«L’indagine “Xenia” nasce dalla denuncia di un negoziante di Riace». Lo ha detto il tenente colonnello della Guardia di Finanza Nicola Sportelli, teste chiave dell’accusa al processo che vede alla sbarra l’ex sindaco di Riace Mimmo Lucano, accusato insieme ad altre 25 persone di associazione a delinquere, truffa e favoreggiamento dell’immigrazione clandestina sulla gestione dei progetti di accoglienza agli immigrati.

 

L’investigatore nel corso dell’udienza di oggi ha riferito in aula che il titolare di un negozio di generi alimentari riacese nel dicembre del 2015 ha denunciato il fatto di dover emettere delle fatture false per poter ottenere il rimborso dei bonus sociali che gli erano stati consegnati da immigrati come forma di pagamento posticipato.
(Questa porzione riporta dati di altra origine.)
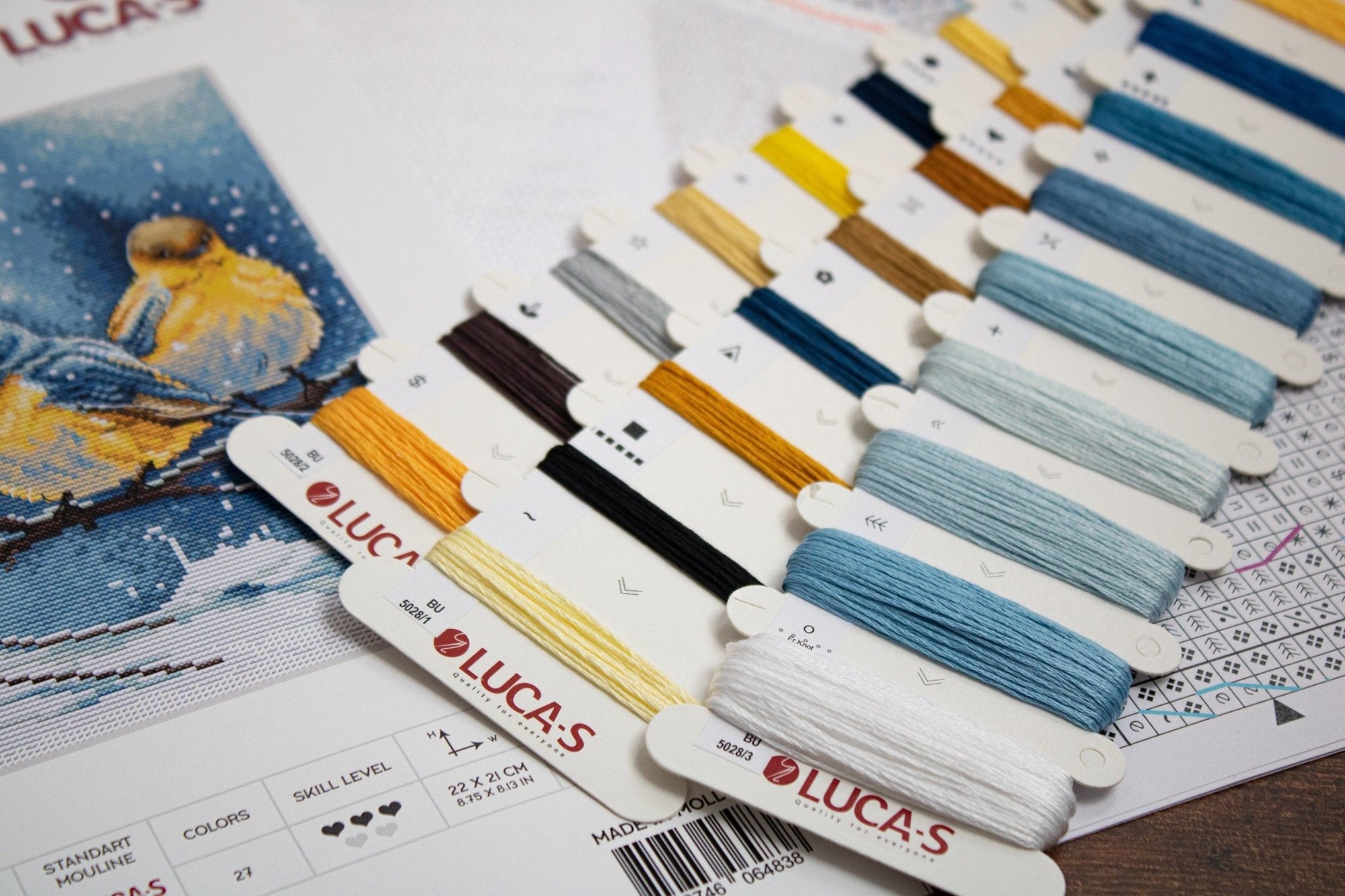 Cross Stitch Kit Luca - S - Eastern Bluebirds, BU5028 - Luca - S Yarns
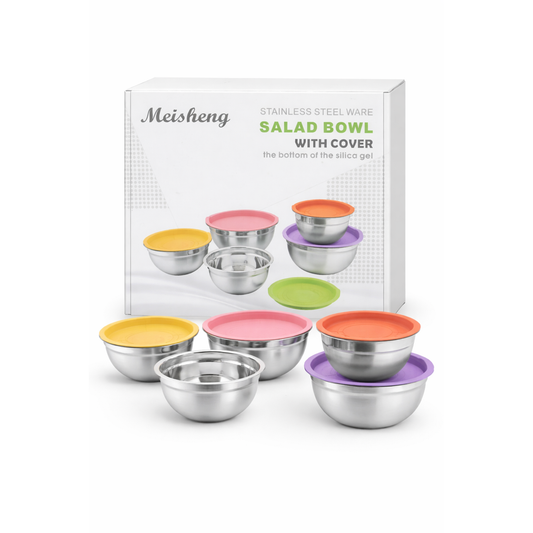 Stainless Steel Salad Bowl Set with Colored Lids – 5 Pcs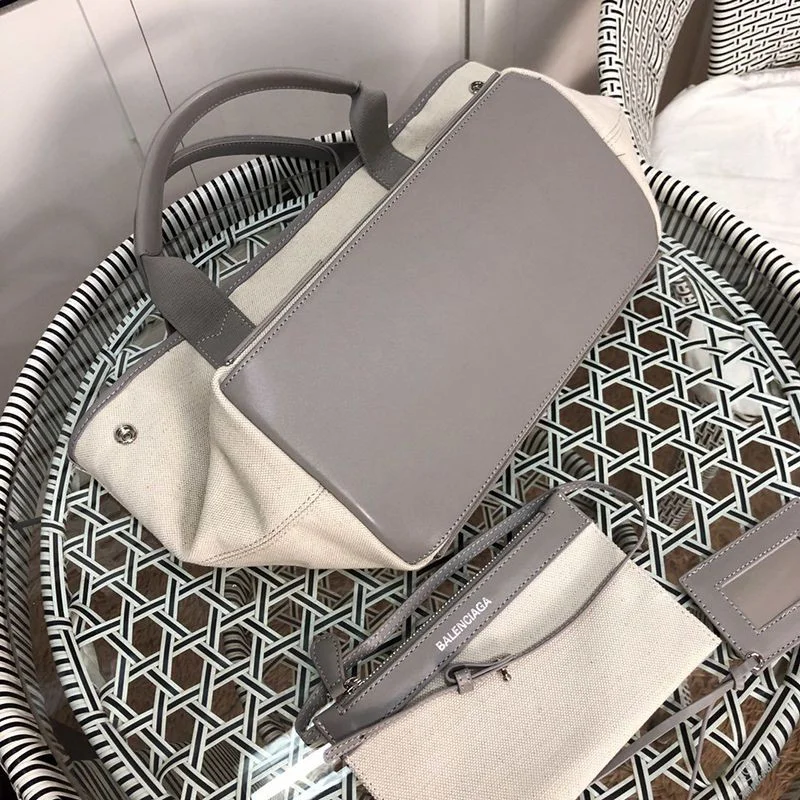 バレンシアガ ネイビーカバス コピー S トート ベージュ×グレー bab91597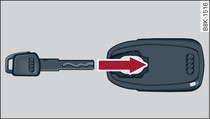 Colocar a chave do porta-moedas no adaptador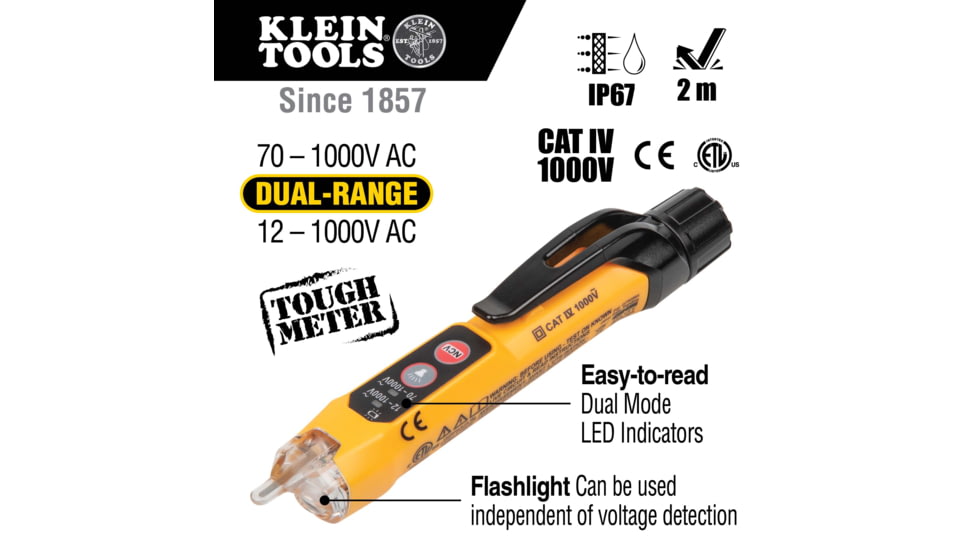 Klein Tools Dual Range Non Contact Voltage Tester, 12 - 1000V AC, Flashlight, NCVT3P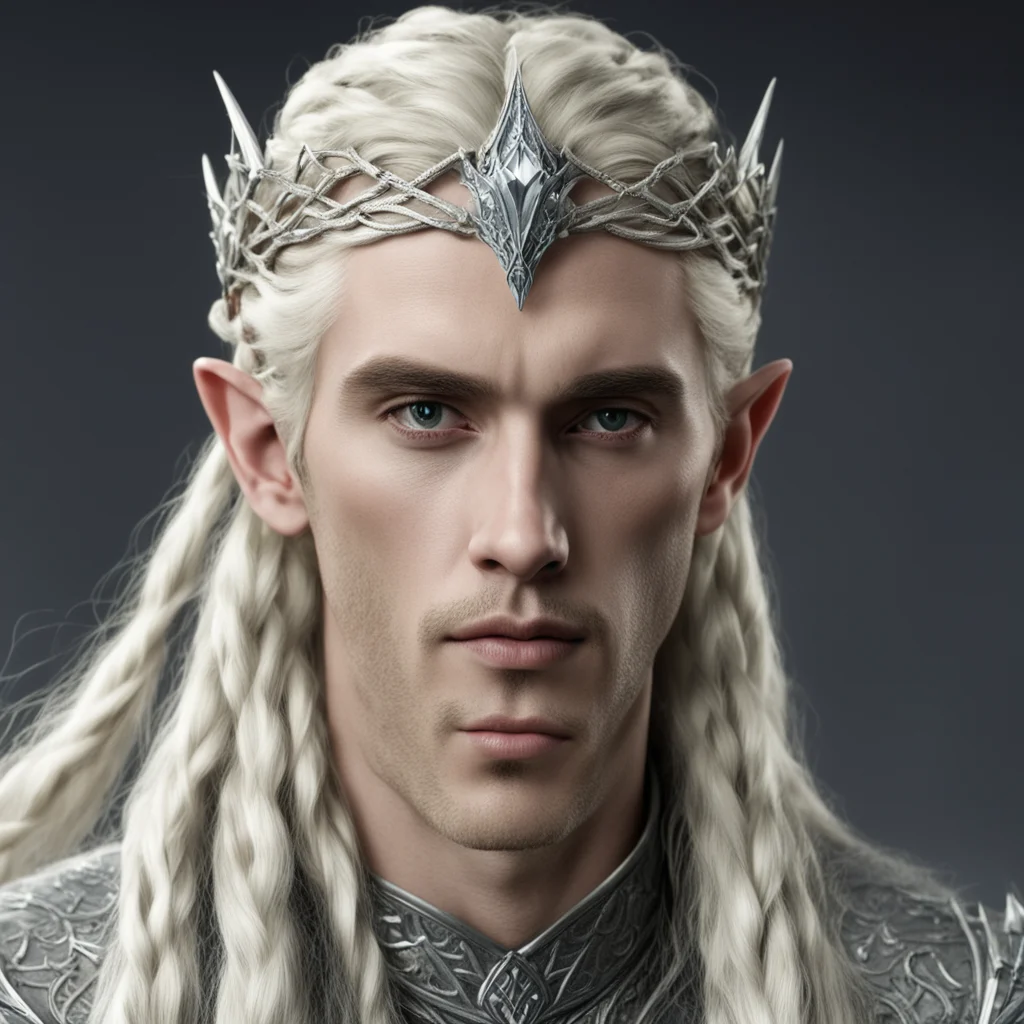 aiking thranduil with blond hair and braids wearing silver serpentine elvish circlet with diamond rosettes  amazing awesome portrait 2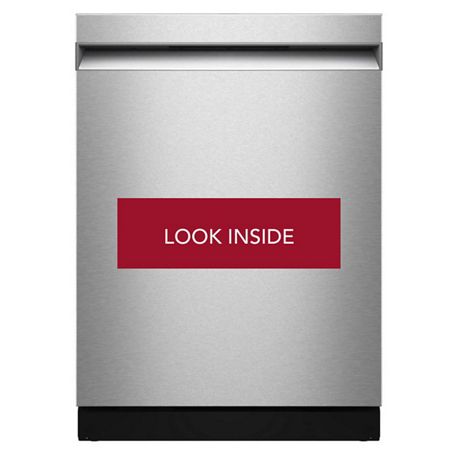 Closed third rack dishwasher in stainless steel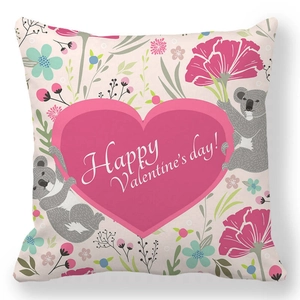 Detail of Valentine's Day peach skin pillowcase with koala and heart pattern print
In sintesi agli immigrati venivano consegnati dei bonus per acquisiti di prima necessità, che venivano scaricati dall’associazione quale costo. Successivamente il fornitore-negoziante emetteva una fattura per ottenere il rimborso dei bonus da parte dell’associazione. La fattura ottenuta veniva messa anche questa come costo nella rendicontazione dell’associazione che, di conseguenza, otteneva, secondo la prospettazione accusatoria, un ingiusto guadagno. Una sistema descritto dal teste con dovizia di particolari, portando ad esempio anche il caso di un fornitore di bombole del gas che nel tempo consegna materiale maggiore da quello che aveva in deposito o che aveva acquistato.